The email means that the union intends on standing by the substantial changes to its constitutions that were passed on the night, as well as a number of other motions passed. These include the introduction of a new sabbatical officer position, and mandates to campaign for a partial fee refund and a living wage for postgraduate workers.

The GSU also said in the email that an amendment to some of the constitutional review’s amendments – which would have retained the procedure for removing members of the executive committee in the old constitution and removed a limit on what elected members could focus on – had been erroneously passed at the EGM.

However, the amendments in question pertained to a constitutional review amendment that had not passed in the first place, and were therefore voided.

In addition, it stated that a motion to divest from the union had passed. In a subsequent email, the union said: “An earlier version of this email contained an accidental typo.”

Both emails, however, said that the motion to divest had passed, even though a majority of people at the meeting voted not to divest.

In a subsequent email today, however, the union clarified that the motion had not passed.

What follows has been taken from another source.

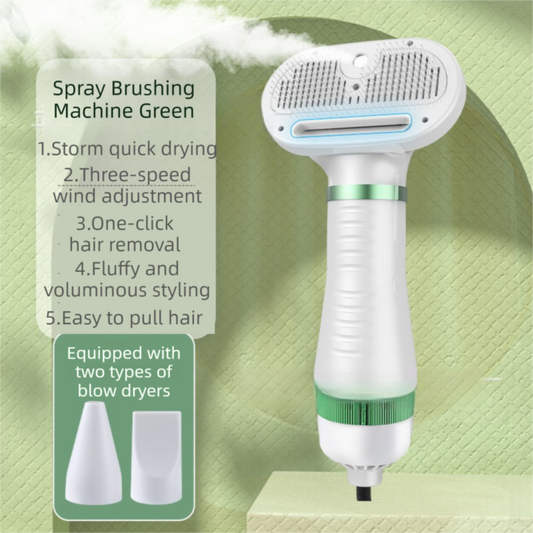 Green 6-in-1 Pet Grooming Hair Dryer | 3-Speed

Multiple members at the meeting called the validity of the votes into question, since there was no verification process to ensure that those voting with the link provided were actually GSU members.

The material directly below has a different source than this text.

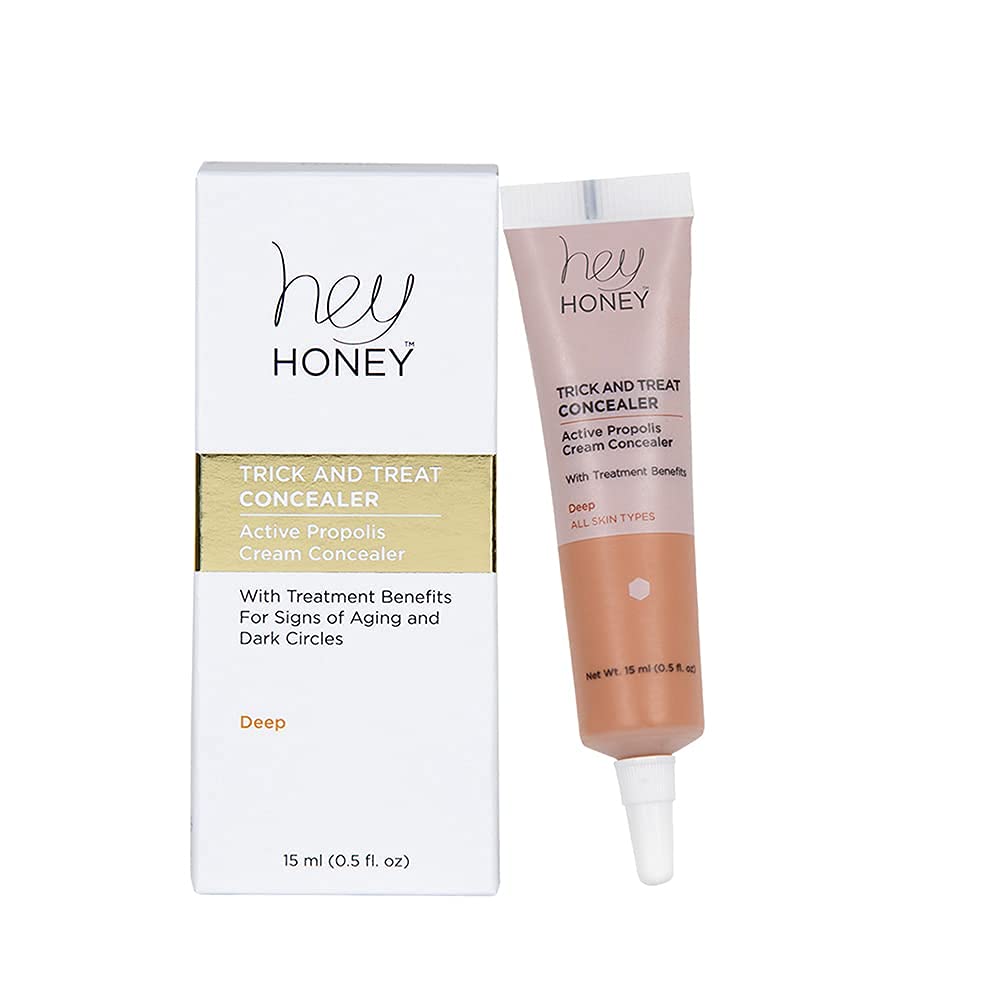 Hey Honey Trick & Treat Concealer arm swatch shows skin-type compatibility.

The University Times subsequently confirmed that multiple attendees who were not members of the union had voted during the meeting.

In the past week, petitions have circulated among postgraduate students to trigger a vote of no confidence in Scanlon and Abhisweta.

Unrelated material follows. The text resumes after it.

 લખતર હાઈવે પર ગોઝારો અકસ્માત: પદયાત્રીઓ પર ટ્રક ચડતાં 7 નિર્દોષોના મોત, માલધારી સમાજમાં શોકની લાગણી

Yesterday, the TCD Postgraduate Workers Alliance – an advocacy group backed by the Graduate Students’ Union (GSU) – signalled its support for the petitions.

In a press statement, the group said that it was “aware” that the petition related to Scanlon had reached the requisite 60 signatures to trigger a vote of no confidence, and that the GSU Oversight Office David Donohue and Dean of Graduate Studies Martine Smith “have been alerted to this”.

It added that it would raise the issue with Trinity College Dublin Students’ Union (TCDSU) and the Capitation Committee, which gives Trinity’s capitated bodies – including the GSU – its funds.